• _Work to complete_
With the material below, print exactly the lines between the line holding "New Era 59Fifty" and the line holding "2015 GMC Yukon Xl K1500 Sle", inclusive. Add nothing else.

• _Dataset_
┄┄┄┄┄┄┄┄┄┄
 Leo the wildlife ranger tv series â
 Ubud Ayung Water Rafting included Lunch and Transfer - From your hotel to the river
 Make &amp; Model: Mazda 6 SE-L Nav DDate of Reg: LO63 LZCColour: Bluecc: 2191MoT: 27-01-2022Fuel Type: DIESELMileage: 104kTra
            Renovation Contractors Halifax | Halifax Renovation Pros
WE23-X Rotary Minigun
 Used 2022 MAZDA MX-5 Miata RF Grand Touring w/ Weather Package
┄┄┄┄┄┄┄┄┄┄
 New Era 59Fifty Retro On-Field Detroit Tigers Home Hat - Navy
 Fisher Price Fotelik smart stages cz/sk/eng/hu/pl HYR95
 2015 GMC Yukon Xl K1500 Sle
┄┄┄┄┄┄┄┄┄┄
• _Task response_
 New Era 59Fifty Retro On-Field Detroit Tigers Home Hat - Navy
 Fisher Price Fotelik smart stages cz/sk/eng/hu/pl HYR95
 2015 GMC Yukon Xl K1500 Sle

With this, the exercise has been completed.